La proposition de loi, connue sous le nom de « PL da grilagem », n’a pas été abandonnée pour autant. Le « grilagem », déclinaison portugaise du mot « grillon »,fait référence à la technique utilisée par les premiers faussaires qui vieillissaient artificiellement les actes de propriété en les enfermant dans des boîtes où déféquaient des insectes…

Le recours aux grillons a cessé, mais le nom a perduré et l’appropriation de terres s’est perfectionnée, accélérée même, sous Bolsonaro. « Le Brésil a perdu 1,5 km² de forêt par heure en 2019, soit un peu plus qu’un terrain de football. Et 99 % de cette déforestation est illégale », selon l’étude de la plateforme scientifique MapBiomas, présentée vendredi.

« Si ce projet de loi Grilagem revient sur la table, il va amnistier des criminels, récompenser des bandits qui ont volé des terres publiques », assure Luiza Lima, porte-parole de Greenpeace Brésil.

Le tollé est international. Au Royaume-Uni, une quarantaine d’entreprises, dont Sainsbury, Tesco, et Marks & Spencer ont menacé de boycotter les produits brésiliens si les parlementaires ne rejetaient pas le projet de loi, le 20 mai. En Allemagne, l’ONG Campact a exigé son retrait pur et simple. Sa pétition a réuni 300 000 signatures en moins d’une semaine, le 14 juin, et le principe a reçu l’aval de deux grandes chaînes de distribution, Aldi Süd et Rewe.

Empêcher le bœuf ou le soja d’arriver dans l’UE

Le 19 juin, c’est le Parlement européen qui s’est saisi de la question.
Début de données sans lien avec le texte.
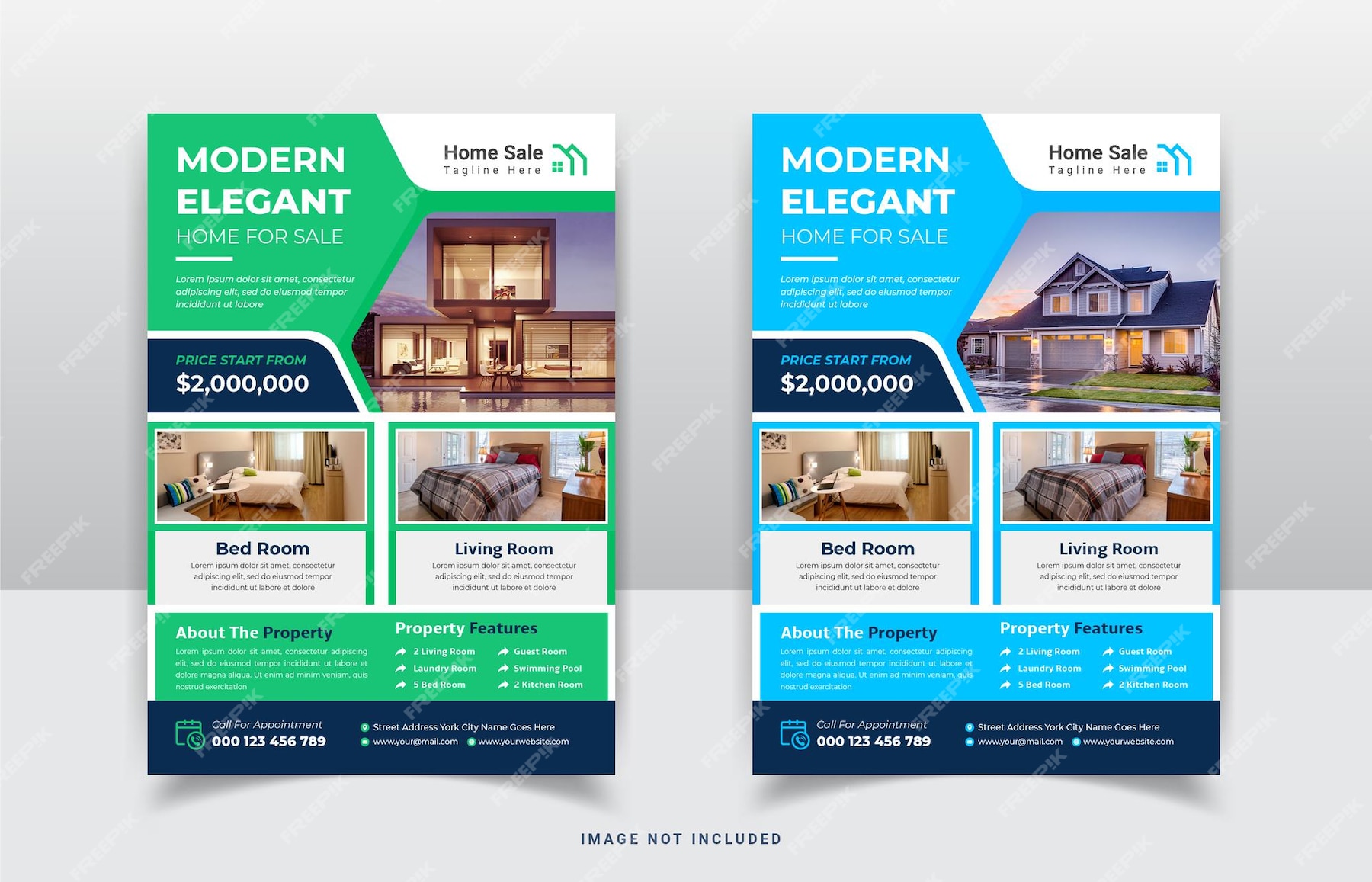 Premium Vector | Real estate home sale flyer template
L’eurodéputée des Verts, Anna Cavazzini, a réclamé des « chaînes d’approvisionnement garanties sans déforestation ». La Commission n’y est pas opposée et réfléchirait à une « stratégie plus incisive », a indiqué le commissaire à l’Environnement, Virginijus Sinkevicius, pour empêcher les produits issus de la déforestation d’arriver dans l’UE, à commencer par le bœuf et le soja.

Il y a urgence. Peu d’Européens ont envie de ratifier le traité de libre-échange avec le Mercosur, alors que le Brésil de Bolsonaro domine le bloc sud-américain. Même les parlementaires très libéraux des Pays-Bas ont dit non, le 3 juin.